Approaches which strongly structure a design process and try to pursue an initially set, fixed goal until implementation (like some interpretations of »Design Thinking«) thus seem to be ill suited for the thinking and acting in design 3.

These are the implications for design. However, the problem of changing goals is also present in management, particularly if concerned with innovation.

In his Book »Technology and Change«, Donald Schön describes that innovation is often framed similar to production 4 [p. 8] : An innovation is lineary worked towards and made. But this is a myth; stories are created which suggest that people followed their goals all along 5, but those stories only work in retrospect.

Actually, innovation is partly a nonrational process 4 [p. 11] in which teams opportunistically react to unexpected 6 findings: The outcome is uncertain, the way towards it is uncertain as well.

But acting as if innovation can be planned can be nevertheless useful; it »provides direction… and a stimulus for action«4 [p. 41].

From this perspective, objectives and plans are useful tools: They can guide the process and they can help teams to work together. However, they need to be adaptable, and adaptation is not a failure, but an essential part of innovating.

Comment (added 2017-09-01): Brooks talks about a similar topic in The design of the design (ISBN 978-0201362985), Ch.9:Better Wrong than Vague: »An articulated guess beats an unspoken assumption.«, »wrong explicit assumptions are much better than vague ones. Wrong ones will perhaps be questioned; vague ones won’t.«

Comment (added 2018-01-08): “What are Plans for” gives two types of plans: Plans as programs and plans as communication. Plans as program means that plans are seen as fixed, once they are made and started to executed, they are followed: “Plans are abstract mathematical entities”. In Plans as communication plans are not executed, they are used.

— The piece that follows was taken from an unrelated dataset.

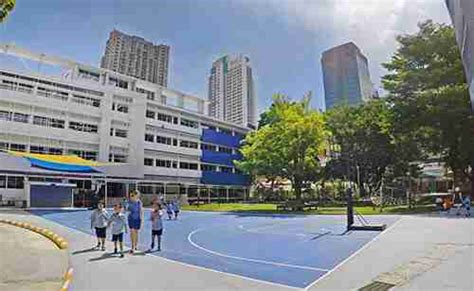 6 Great International Schools In Bangkok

The “communication” here means that plans are used to get information useful in the situation as the answer you get when asking “Can you tell me where I can find the train station”. Agre, Philip E., and David Chapman. 1990. “What Are Plans For?” Robotics and Autonomous Systems 6 (1–2):17–34.

  1. Dorst, Kees, and Nigel Cross. 2001. “Creativity in the Design Process: Co-Evolution of Problem–solution.” Design Studies 22 (5): 425–37. doi:10.1016/S0142-694X(01)00009-6. 

  2. Valkenburg, Rianne, and Kees Dorst. 1998. “The Reflective Practice of Design Teams.” Design Studies 19 (3): 249–71. doi:10.1016/S0142-694X(98)00011-8. 

  3. Guindon, Raymonde. 1990. “Designing the Design Process: Exploiting Opportunistic Thoughts.” Hum.-Comput. Interact. 5 (2): 305–44. 

  4. Schon, Donald A. 1967. Technology and Change. First Edition. Pergamon Press. 

  5. Weick, Karl E. 1995. Sensemaking in Organizations. SAGE. 

  6. I found it interesting in this context that Karl Popper uses the non-predictability of scientific progress as an argument against the idea that history follows predictable patterns. See the foreword of Popper, Karl. 2002. The Poverty of Historicism. 2 Rev ed. London: Routledge. This makes our university culture of grants and plans with quasi promised outcomes look like a common delusion.